### Requirement
In the copy you make of the entries, no picture should appear, and every word must match.

### Provided entries
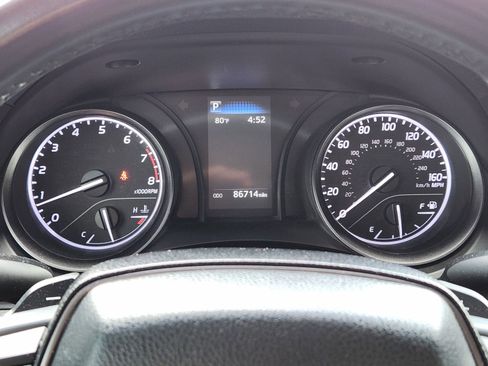 Used 2023 Toyota Camry SE image 24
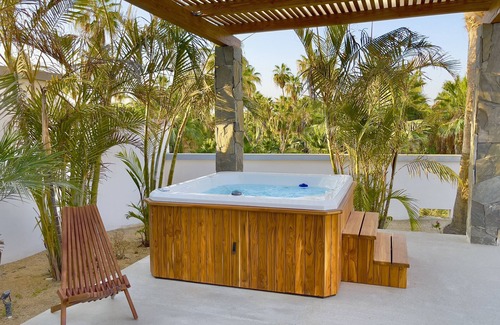 Todos Santos Casa | Gorgeous Downtown 4BR House with Jacuzzi & Firepit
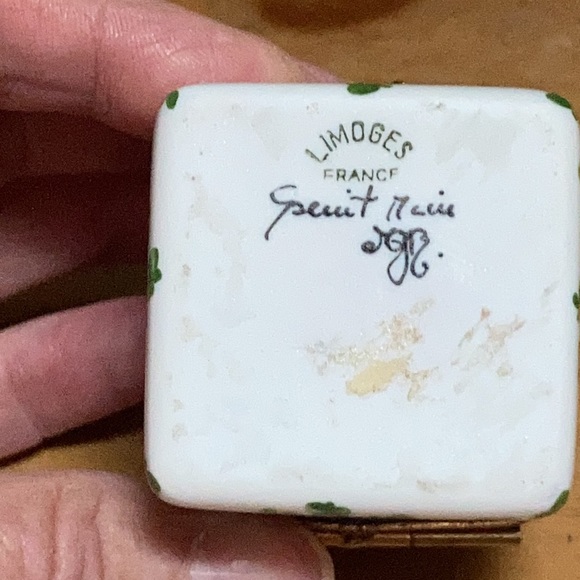 Limoges France Peint Main Trinket Box - Picture 8 of 9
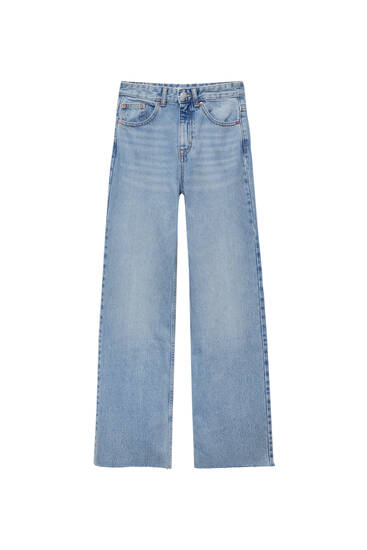 Gerade geschnittene Jeans mit hohem Bund.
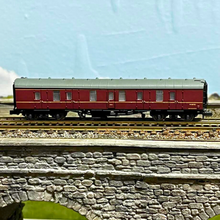 Load image into Gallery viewer, Graham Farish by Bachmann - 374-036B - Mk1 BG Full Brake Coach - BR Maroon - No. W80725 - N Gauge
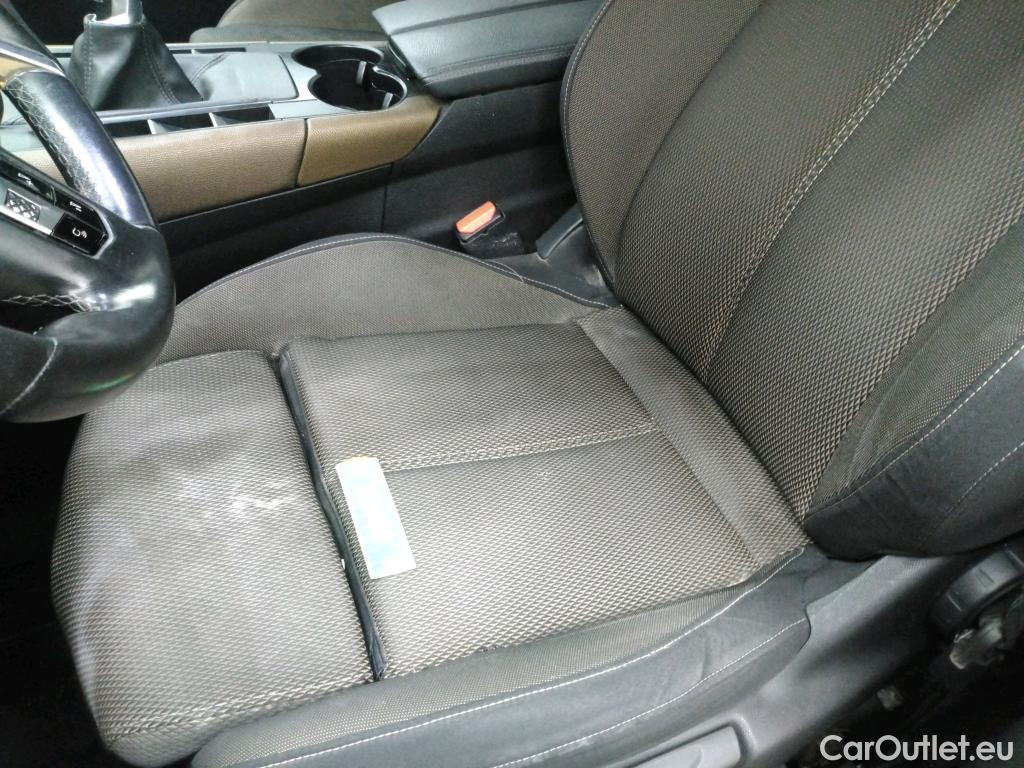  DS  DS7 DS DS 7 Crossback / 2017 / 5P / SUV BlueHDi 130 Manuel Business #80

### The answer
 Used 2023 Toyota Camry SE image 24
 Todos Santos Casa | Gorgeous Downtown 4BR House with Jacuzzi & Firepit
 Limoges France Peint Main Trinket Box - Picture 8 of 9
 Gerade geschnittene Jeans mit hohem Bund.
 Load image into Gallery viewer, Graham Farish by Bachmann - 374-036B - Mk1 BG Full Brake Coach - BR Maroon - No. W80725 - N Gauge
  DS  DS7 DS DS 7 Crossback / 2017 / 5P / SUV BlueHDi 130 Manuel Business #80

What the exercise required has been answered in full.